Surely no one thought of giving an engagement party or bris, pidyon haben, sheva brochos, in a hotel, as is common lately. Many would make the bris and pidyon in a shul and afterwards the meal would be at their home. The meal was intended for the immediate family, with some neighbors or relatives to make up a minyan.

This was all true until the time when the "goat that goes at the head of the flock" arrived. A poor person who was marrying off his only daughter went and, elated with simchah, sold all he had and went into debt to make the wedding in a hotel like the rich do. Many heard about this wedding and made a kal vochomer for themselves: If such a penniless person can make a wedding in a hotel, surely we who have more means can do so, and are obliged to do so. In a short while "everybody' was making weddings in hotels, including those who do not quite have the financial means to do so. Everyone wanted to be like "everybody," and in that way it became the custom that a wedding was made in a hotel.

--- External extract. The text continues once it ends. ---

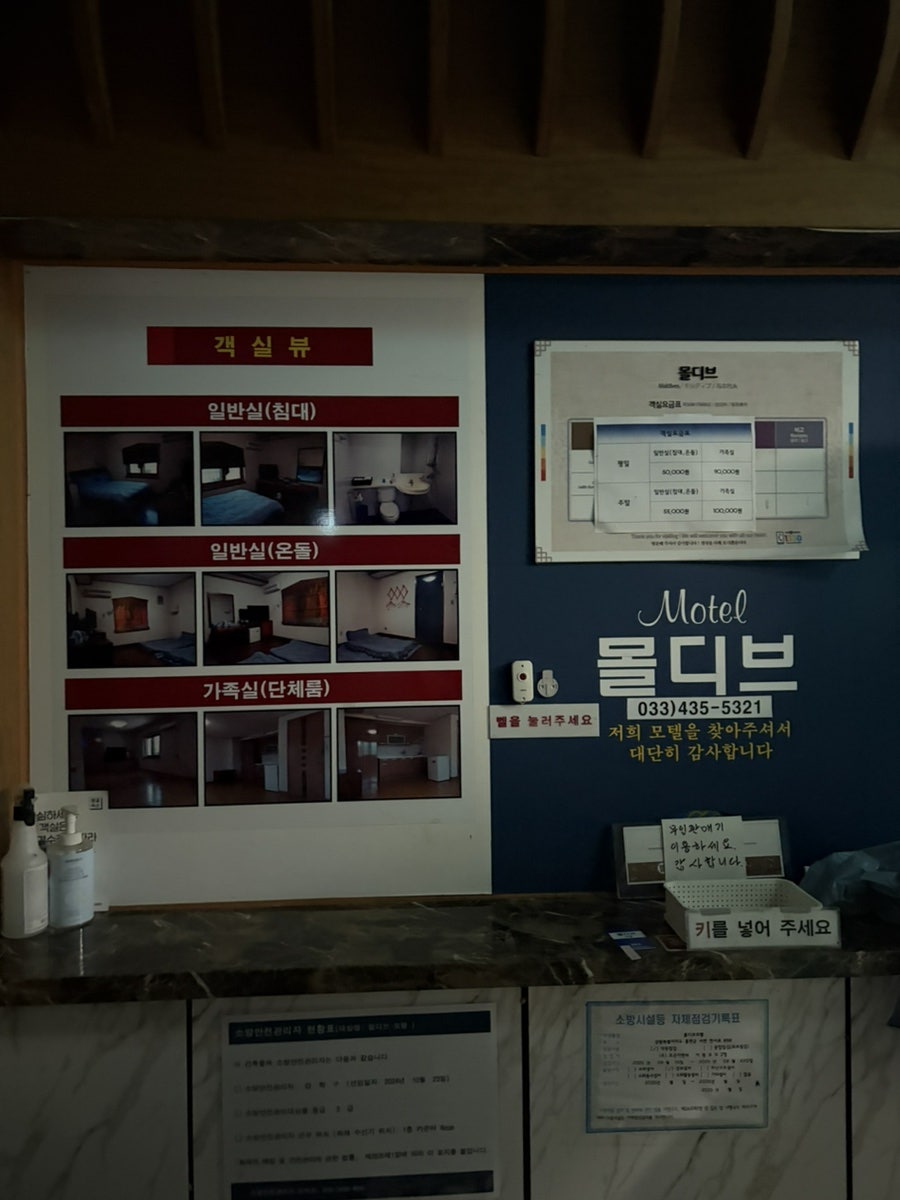 몰디브모텔 사진 6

But hotels were not built for this purpose, and only in a few of them was it at all possible to make weddings. Since the demand was overwhelming and people wanted "to be like everybody," special wedding halls sprouted one after the other. In this way the whole concept of wedding halls was born.

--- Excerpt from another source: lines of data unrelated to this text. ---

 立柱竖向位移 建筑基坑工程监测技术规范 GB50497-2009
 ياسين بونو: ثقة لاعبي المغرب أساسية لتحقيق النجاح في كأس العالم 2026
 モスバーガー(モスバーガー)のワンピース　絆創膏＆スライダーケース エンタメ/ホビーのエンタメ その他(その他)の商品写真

During this period there were still normal wedding halls, since even the really prosperous did not make a wedding for an enormous crowd, the way today even an ordinary avreich does. What happened was that the hall owners started to compete with each other. One of them with a sharp business sense built a gigantic hall and announced in the newspapers that his new hall has room for 250 guests! At that time, of course, only the rich allowed themselves to invite 250 people for their children's wedding meal. It did not take long, though, before "the goat that goes at the head of the flock," who has a meager livelihood, also made a magnificent wedding for 250 people. After that, of course, everyone else made a kal vochomer, and so it went. Soon everyone was making such a wedding, since everyone wanted to be like everybody.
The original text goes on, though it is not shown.